The nzTApply() function applies a user-provided function to each subset (group of rows) of a given distributed data frame (nz.data.frame). The subsets are determined by a specified index column. The results of applying the functions are put into a data frame. In the example below, the same nz.data.frame as in the nzApply() example is used. The example contains the iris data set.

print(d)
#SELECT Sepal_Length,Sepal_Width,Petal_Length,Petal_Width, Species FROM nziris
# the following lines do the same - compute the mean value
# in every group
nzTApply(d, d[,5], mean)
nzTApply(d, 'Species', mean)
nzTApply(d, 5, mean)
# Sepal_Length Sepal_Width Petal_Length Petal_Width Species Species
#1 6.588 2.974 5.552 2.026 nan virginica
#2 5.006 3.428 1.462 0.246 nan setosa
#3 5.936 2.770 4.260 1.326 nan versicolor

Details

The output of these functions depends on whether output.name and output.signature are specified. For nzApply(), an object of class data.frame is returned. The object has the same number of columns as the sequences that are returned from fun. If the output.name is not provided, no table is created. For nzTApply(), if an output.name is provided, the output.signature must also be specified. The output.signature parameter can be used to avoid receiving a sparse table and to set the desired output columns types; if the parameter is provided, fun must return values that can be cast to these types.

If the fun function causes errors, the debugger mode can be used to investigate conditions where errors occur. When debugger.mode=TRUE, then the result table is not stored in the Netezza system. Instead, for every group a diagnostic test is called, and the environment for the first group that causes an error is transported to the local R client and opened in the R debugger.

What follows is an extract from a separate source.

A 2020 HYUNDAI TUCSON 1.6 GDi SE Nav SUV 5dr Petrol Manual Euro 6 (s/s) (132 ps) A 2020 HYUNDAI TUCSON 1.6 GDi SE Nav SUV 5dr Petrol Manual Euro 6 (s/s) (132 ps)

Consider the following R code:

nziris = nz.data.frame('iris')
FUN5 = function(x) {
if(min(x[,1]) < 4.5) cov(0) else min(x[,1])
} nzTApply(nziris, 5, FUN5, debugger.mode=T)

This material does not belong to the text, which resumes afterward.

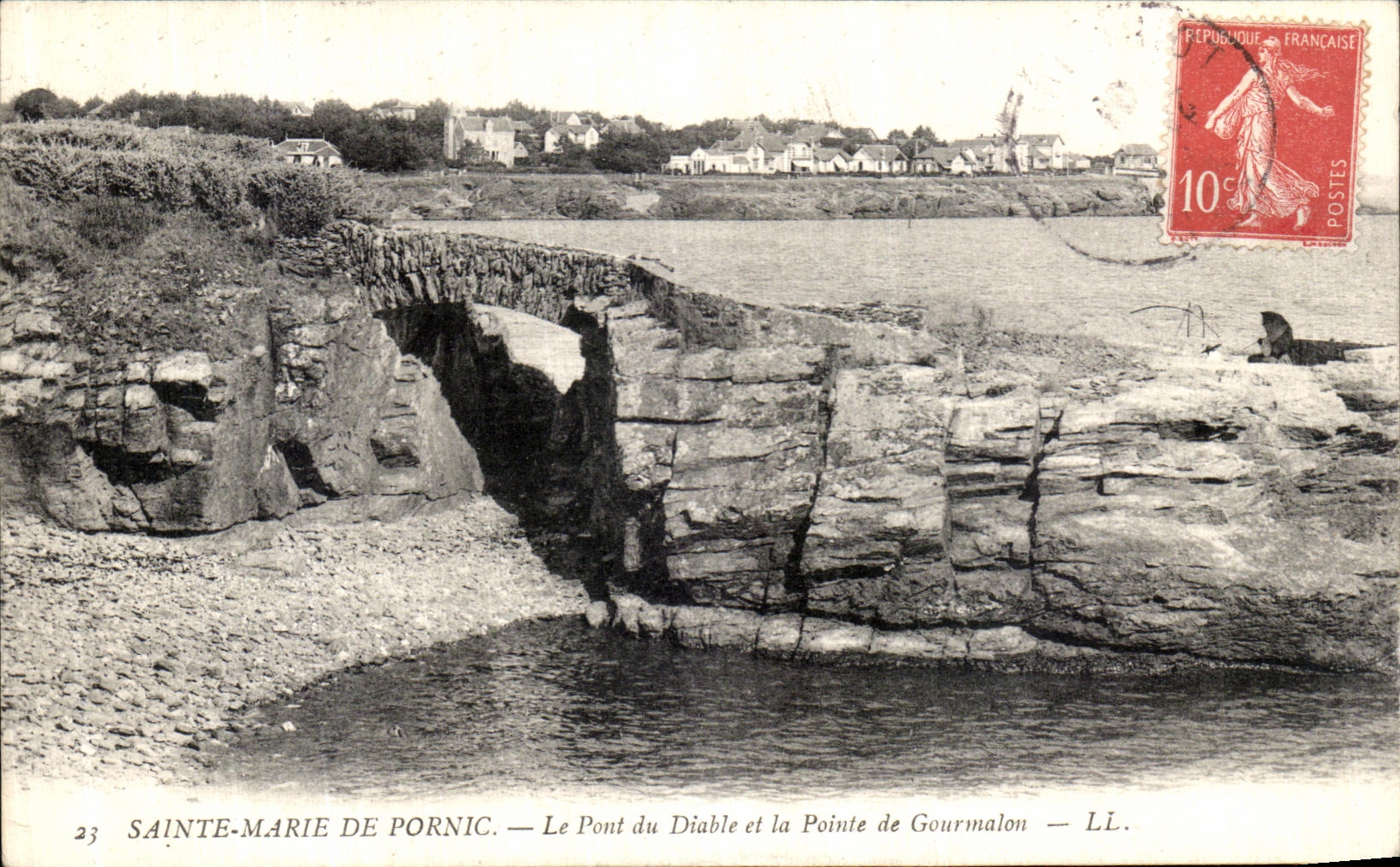 CPA Saint Marie De Pornic Le Pont du Diable et la Pointe de Gourmalon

While in debug mode, the function nzTApply() returns a summary for group processing. This summary is presented in a table with the following columns:

The first column contains the outcome or error description.
The second column contains the type of outcome (try-error in case of error).
The third column contains the group name for which the given result is returned In this example, there are three groups, where one group produces an error.

Found 1 error
values type group
1 101 integer virginica
2 supply both 'x' and 'y' or a matrix-like 'x' try-error setosa
3 51 integer versicolor

Then, for the first group that caused an error, a dumped environment is downloaded from the remote SPU to the R client and opened in the R debugger.

nzApply(X, MARGIN, FUN, output.name = NULL, output.signature =
NULL, clear.existing = FALSE, ...)
nzTApply(X, INDEX, FUN = NULL, output.name = NULL, output.signature = NULL,
clear.existing = FALSE, debugger.mode = FALSE, ..., simplify = TRUE)

Where:

X

Specifies the input data frame.

MARGIN

Currently not used but the argument is required; NULL must be passed.

FUN

Specifies the user-defined function.

FUN can return a scalar value or a row. It receives a subset of the input data in a form of a data.frame with columns names in lower case.

output.name

Specifies the name of the output table created on the Netezza system.

output.signature

Denotes the data types for output table columns. If not provided, a generic (sparse) table is created.

clear.existing

If TRUE, delete the output table if it currently exists.

debugger.mode

Ii TRUE, nzTApply works in debugger mode.

...

These arguments are passed to fun.

simplify

Not used, included for compatibility.

INDEX

The value used to index the data set where INDEX may be supplied as of the following items:

A character string the value of which must be present among columns of X.
An integer not greater than the number of columns of X.